This show is a "comedy about the sexual politics that have changed between men and women in this post-feminist era." The comedy part of this scares me because I don't want another 2 Broke Girls situation where they think they're being edgy and relatable, but really the jokes are just offensive. But perhaps this show will use humor to enlighten the audience about this actually very important topic of changing sexual politics.


A Long Island police officer butts heads with the "modern, liberal world" when his sister gets pregnant out of wedlock. (Gasp!) I am holding out hope that ABC is seeking to show that the cop's views are outdated and that he needs to get with the modern-day program that women can have babies whether they're married or not and that's okay.


"Two equally-matched, powerful socialites (Katie Holmes and Rufus Sewell) play out their obsessive attraction and seduction of each other through their manipulation of others." You had me at those dream words "equally-matched." Gotta love when a woman is given equal footing as a man.


This crime drama stars Jee Young Han as a former convict turned criminologist. This is a big deal because giving the lead in a show to an Asian actress is practically unheard of these days. As of 2008 (the last time the study was done), just 3.8 percent of all television and theatrical roles were portrayed by Asian Pacific Islander actors. Han's bringing her badass diversity to ABC and we couldn't be more excited.
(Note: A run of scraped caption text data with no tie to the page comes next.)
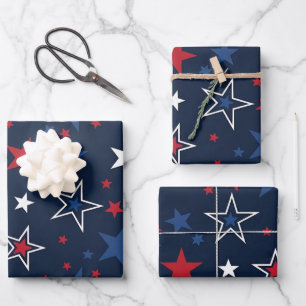Patriotic Stars on Navy Blue Seamless Pattern Wrapping Paper Sheet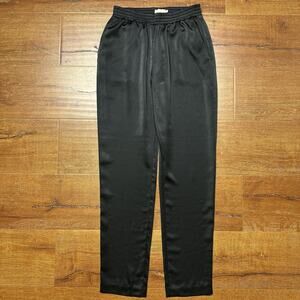 Ame Silk Pants Womens M Black Pullon Straight Leg City Chic Glam Luxury Wealth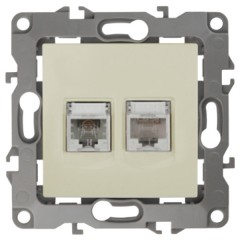 Розетка комбинированная RJ45 кат.5е +RJ11 IP20 Эра 12, слоновая кость 12-3109-02 (бежевый)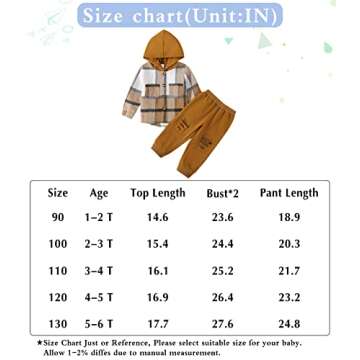 GRNSHTS Toddler Baby Boy Clothes Long Sleeve Tops Plaid Hoodie Sweatshirt + Sweatpants Little Boy Fall Winter Outfits Set(Brown,2-3T)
The Office's Ellie Kemper stars as a woman who spent 15 years living in a cult and decides to start her new life in the big city of NYC. I feel safe knowing that in Fey's hands, this will be a show about women for women.


"A hard-living, sexually unapologetic woman (Kate Walsh) partakes in an edgy life that often clashes with the fact that she happens to be a judge." Kate Walsh was my favorite on Grey's Anatomy because her character just didn't give a shit about anyone else. She was there and she was amazing at her job and she knew it. I don't doubt she'll bring that confidence to this new "sexually unapologetic" character and it will make for great TV and a great female role. You can be who you want to be and still kill it at work. Boom.
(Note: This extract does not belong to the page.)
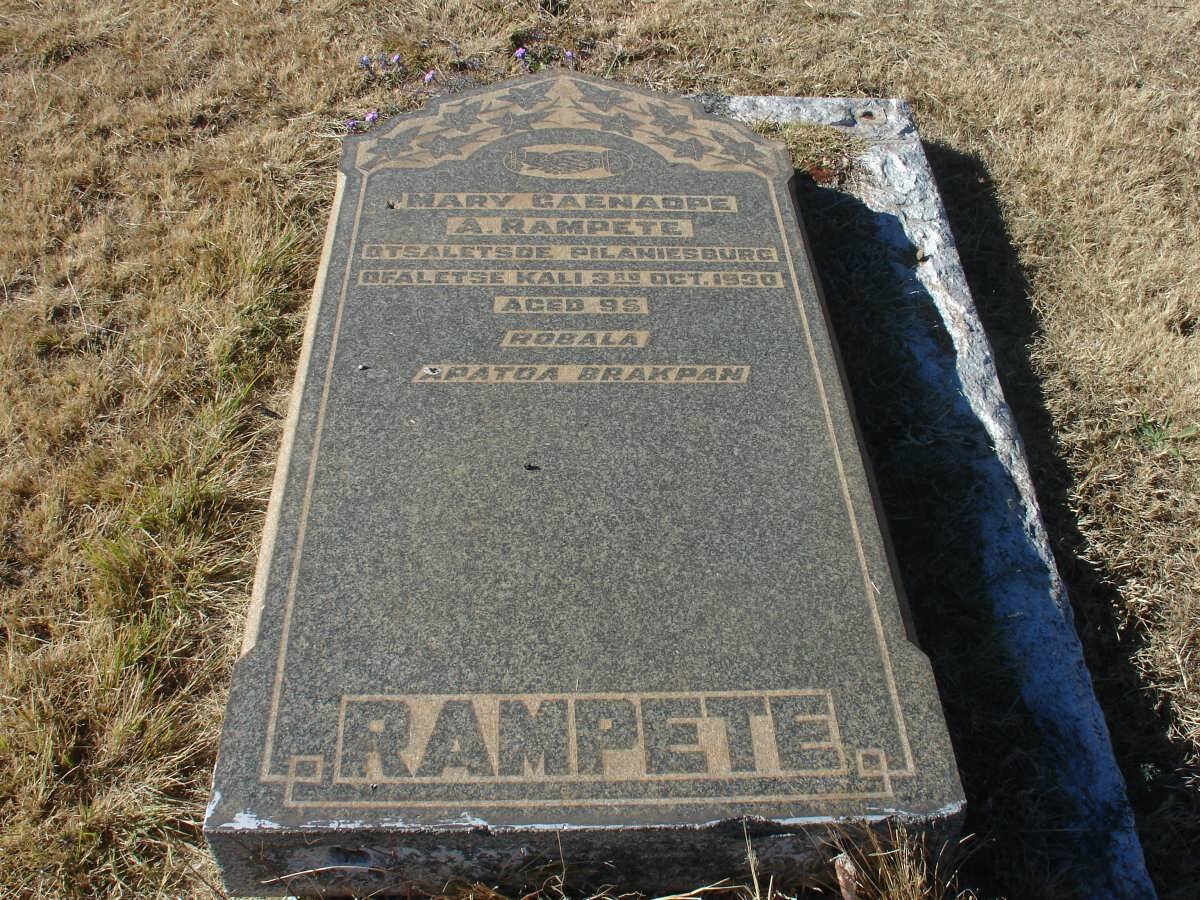 RAMPETE Mary Gaenae A. -1930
Set in 1965, Breaking Bad's Krysten Ritter stars as a strong woman who doesn't get along with the "macho astronaut and a too-cool-for-school former test pilot" at work. Ritter is amazing and I know she'll do amazing in this role as her character explores the 1960s boundaries women faced.


A CIA agent balances her political life and her personal life. Say what you will about Katherine Heigl, but if she pulls this character off, we'll get another strong female role model to look up to in the traditionally male-dominated world of the CIA.
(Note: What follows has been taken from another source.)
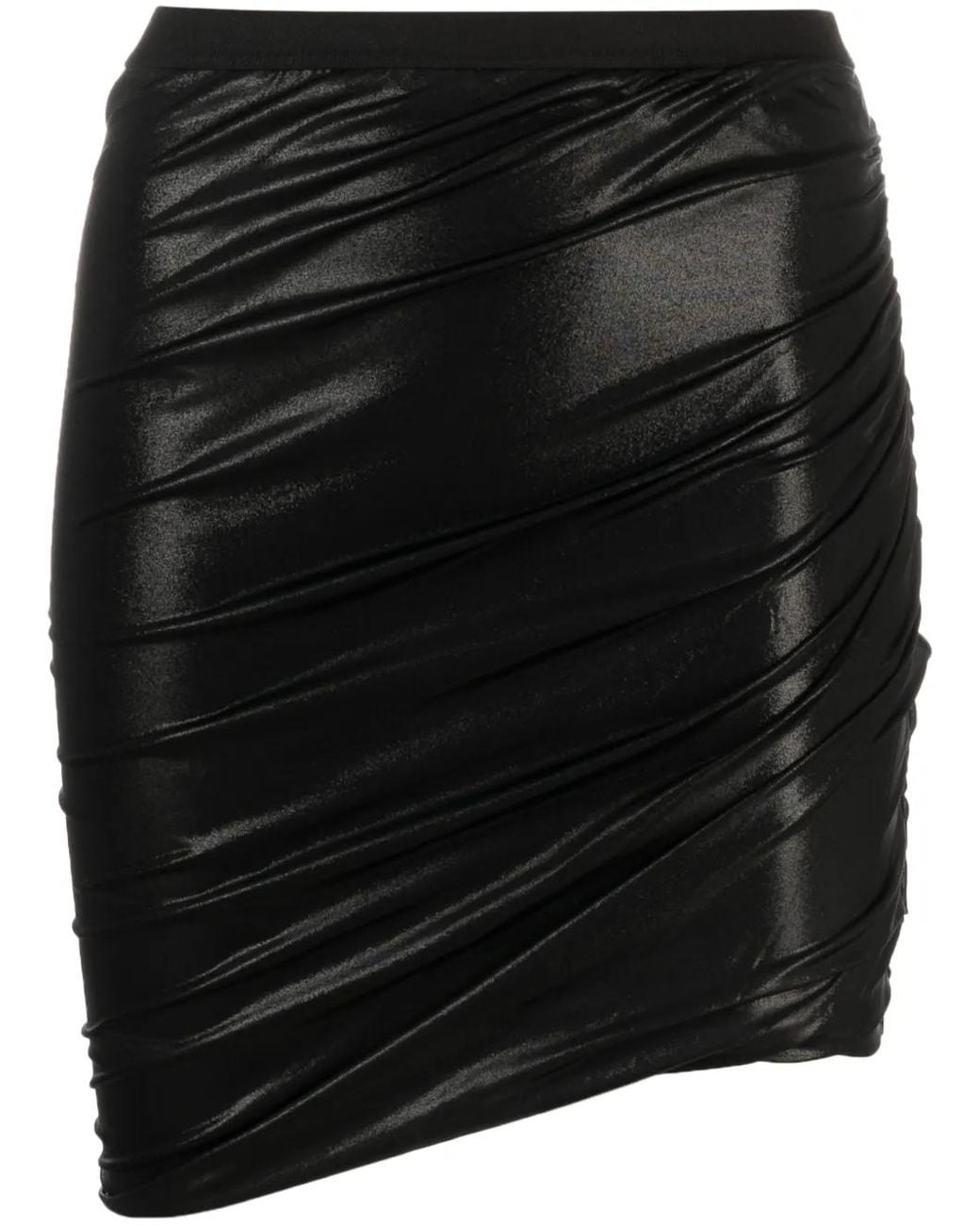Rick Owens Black Jade High-Shine Draped Miniskirt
Another crime drama, this time starring Debra Messing as a quirky homicide detective juggling work and home life. As long as it acknowledges that it's playing with the "women have to have it all" trope, this could be another great show.


"An all-female university in rural New Hampshire opens its doors to four men for the first time." Normally I'd be wary of this premise, fearful that the four men would portray the typical college douchbags who make jokes about all the women they get to bang at the all-girls school. But feminist superstar Margaret Cho is the lead, so you know this is going to be a powerful show. Plus, it also comes from the mind of Queen Tina Fey.